Preliminary nonlinear analysis of a scaled masonry building under shaking test for the blind prediction of the SERA AIMS project

Experimental tests performed on scaled masonry buildings provide key information to improve the knowledge under seismic actions. Masonry buildings behavior is strongly influenced by their physical and mechanical parameters under dynamic actions. In fact, the actual structural behavior is very complex to predict due to the significant variability of the input parameters and the strong heterogeneity of masonry. Furthermore, the behavior of masonry buildings is often influenced by the interaction with adjacent building units. In this context, the SERA AIMS project aims to improve knowledge on the interaction between adjacent buildings. In order to assess the seismic capacity of masonry structures and their damage evolution, nonlinear models often require a numerical calibration of nonlinear parameters. Simplified Finite Element (FE) models, with some very simple assumptions, can be more suitable for complex problems like as the interaction between adjacent building aggregates. The low initial knowledge level in the SERA AIMS blind competition favored simple assumptions. The availability of simple models allowed to perform consecutive time histories including the cumulative effects of previous signals. In fact, the tested prototype was subjected to many replicas. The masonry structure and the crucial interfaces between the units have been modelled by means of nonlinear elements according to the reduced knowledge level at the blind prediction stage. The main goal was to estimate the key information of a masonry building under seismic action like as: triggering and the type of damage at the most stressed areas and therefore the load threshold at which evident damage is expected.
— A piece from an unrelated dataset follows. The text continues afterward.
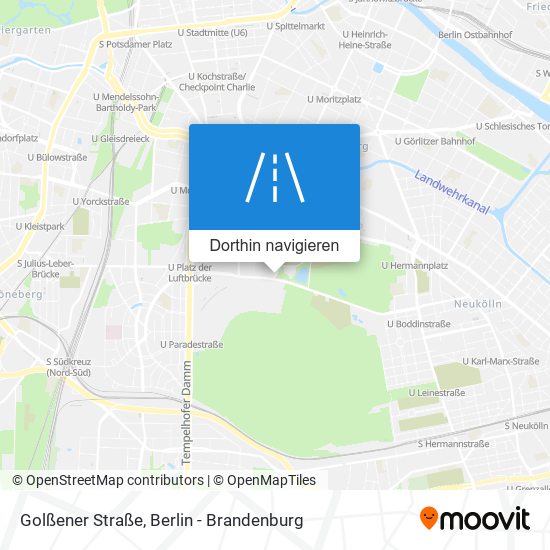 Golßener Straße Karte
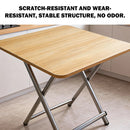 60cm Wooden Folding Table Tray Dinner Home Coffee Snack Outdoor Desk Portable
Global FE model provides information on the global behaviour (in plane behaviour), while, according to the failure models typically found in masonry buildings, kinematic analyses have been performed to assess the out of plane (local) behaviour, too. The numerical results obtained by the preliminary analysis have been compared with the experimentally detected damages. The simplified approach, based on limited information without calibration, discussed in this paper, represents a useful support tool to design dynamic tests on full-scale or scaled masonry buildings, but also to assess the vulnerability of real masonry structures.